夏目が妖を見えることを知らない友達視点の物語
「6-6西村と北本」妖が見えない友人からは夏目は神秘的に見えるらしい。この物語でも妖はちょっかいをかけてくるのですが、西村や北本は見えないので妖の姿は出てきません。ニャンコ先生の姿はもともと人間にも見えるので登場します。

「5-11儚き者へ」(既出)は妖から見た夏目。夏目は狸や猪よりも下の弱い存在なようです。最後の場面がきれいです。

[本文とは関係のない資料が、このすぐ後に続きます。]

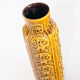 Enamelled ceramic vase, Germany of the 1960s.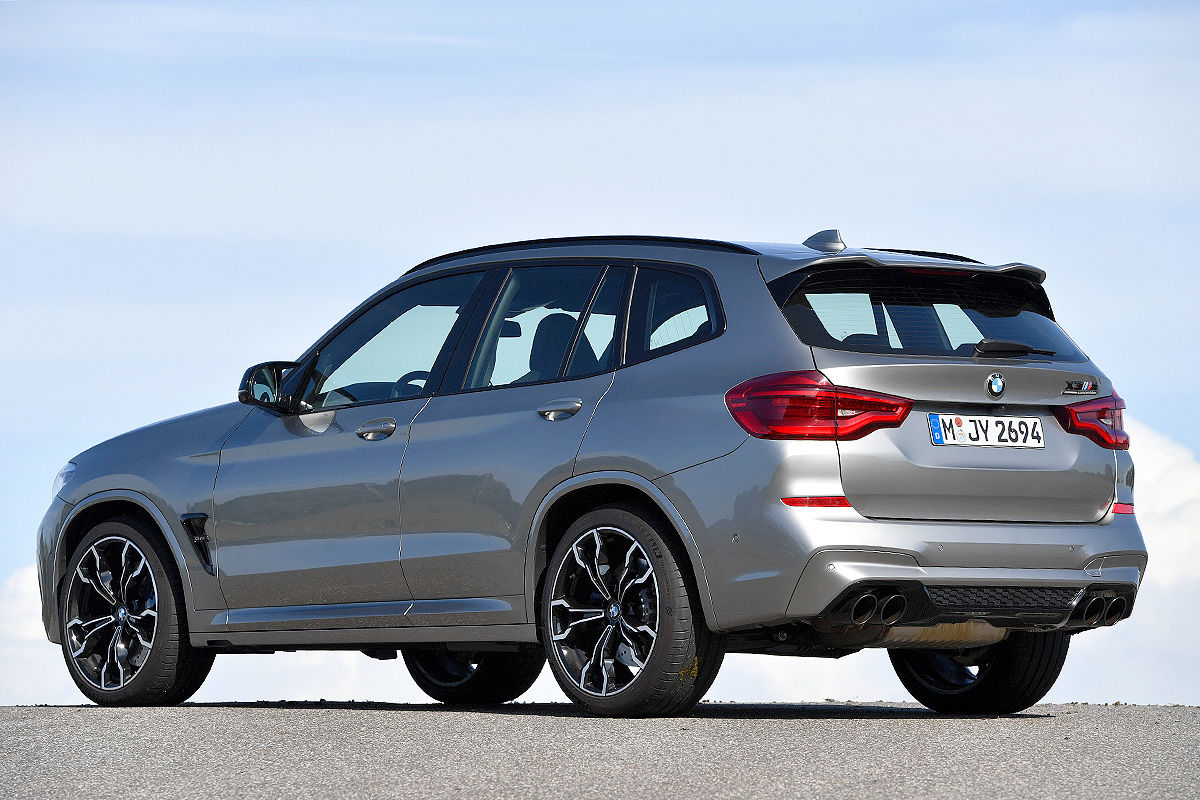 BMW X3 M Competition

夏目と友人 妖を見えることを理解してくれる友人田沼、多軌等が登場。
「3-10割れた鏡~3-11映すもの」(既出)田沼が妖にとりつかれます。
「4-6硝子のむこう~4-7人と妖の間で」(既出)田沼が夏目を助けようと妖の世界に足を踏み入れますが、それが夏目の不安を煽ることになります。せつない話です。
「6-1つきひぐい」夏目が妖に子供にされ田沼や多軌のことなど現在の記憶が飛んでしまい、孤独な子供時代に戻ってしまいます。田沼たちが友達だと言っても信じられません。やがて「本当だったらいいな」と言い出す子供姿の夏目がせつないです。
「6-3二体さま」(既出)こちらの話は田沼たちの協力がうまくいったようです。


はっきり分類しきれませんが、いろんな要素が複合してバラエティに富んでいます。

原作は今も連載中で、23巻もでました。
長期連載はなかなか、スタンスを守るのが大変だと思いますが
いちファンとして楽しませて頂きたいです。